Hugues Cuénod’s recording swan-song was for Nimbus, with which 
                  company he had a productive series of sessions. Some of the 
                  earlier examples, such as his Fauré recordings, were taped in 
                  studios in Birmingham but the later ones, such as this, date 
                  from the days when he travelled to Nimbus’s HQ at Wyastone. 
                  He was a superb linguist, and had a wonderful ear for mélodies. 

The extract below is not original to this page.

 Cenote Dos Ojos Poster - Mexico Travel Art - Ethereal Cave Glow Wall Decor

                  What he no longer really had, and what indeed he had really 
                  not had for most of his singing life, was a voice capable of 
                  much obvious warmth. But what it lacked in burnish – the word 
                  ‘reedy’ has been applied to it more than once – it made up for 
                  in intelligent phrasing, excellent diction and a sure sense 
                  of style, or styles, as this particular disc shows time and 
                  again. 
                    
                  This is a mixed recital and explores some highways and byways 
                  of the French song tradition from the earliest born, Chabrier, 
                  to the youngest, the trio of Marcelle de Manziarly, Poulenc, 
                  and Auric, who were all born in 1899. Roussel’s rocking rhythm 
                  underpins Le Bachelier de Salamanque and is sung with 
                  a true sense of the music’s rise and fall. Marcelle de Manziarly 
                  is by some way the most obscure composer represented. She was 
                  Franco-Russian, a pupil of Nadia Boulanger, and a neo-classicist 
                  of repute, though as the notes say, she has been neglected. 

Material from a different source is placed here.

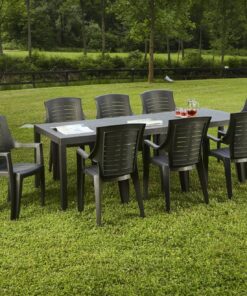 Dmora Rattan d'extérieur Susa, rectangulaire manger, table de jardin extensible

                  Her Fables are full of personality and wit. They are 
                  precise, taut and charmingly brief. 
                    
                  Poulenc’s mélodies are doubtless the best known in the programme 
                  and include such masterpieces as C and A sa guitare, 
                  which Cuénod invests with a telling sense of atmosphere. Caplet’s 
                  Ballades are ingenious and well worth a study. The piano’s 
                  darting Debussian escapades offer a curious independence from 
                  the vocal line. Cuénod is telling in the fourth of the set, 
                  Songe d’une nuit d’été where his confident brio is matched 
                  by Geoffrey Parsons’s playing of the wittily allusive piano 
                  writing. Georges Auric, one of my favourite film composers, 
                  was amazingly precocious when, in 1913, at the age of 13, he 
                  composed his Trois Interludes. They’re boldly etched 
                  indeed, and listen out for the martial rhythms of the middle 
                  setting. 
                    
                  Some composers are said to be able to set the phone book to 
                  music, but Darius Milhaud set a 1919 seed catalogue to music. 

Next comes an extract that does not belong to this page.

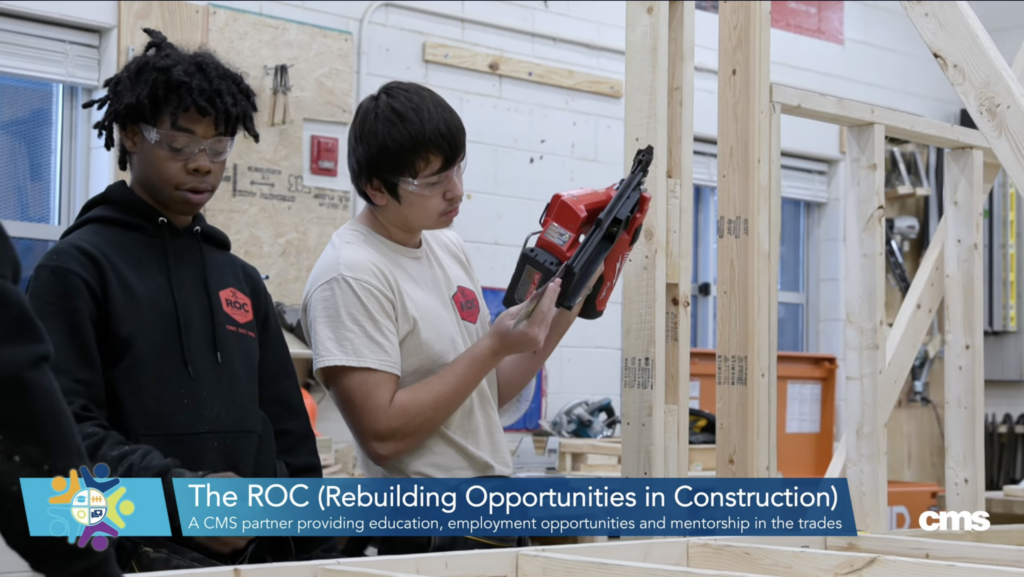 ROC Charlotte students during hands-on construction training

                  Oh yes he did. Charming trifles – especially Les Crocus – 
                  and probably what was needed after years of war. His Quatre 
                  poèmes de Léo Latil are of more significance, and are powerfully 
                  expressive, not least the last, sung by Cuénod with such delicate, 
                  refined, half-voiced intensity. To close we have Chabrier’s 
                  salon ballad to send us on our way happily. 
                    
                  There are no texts.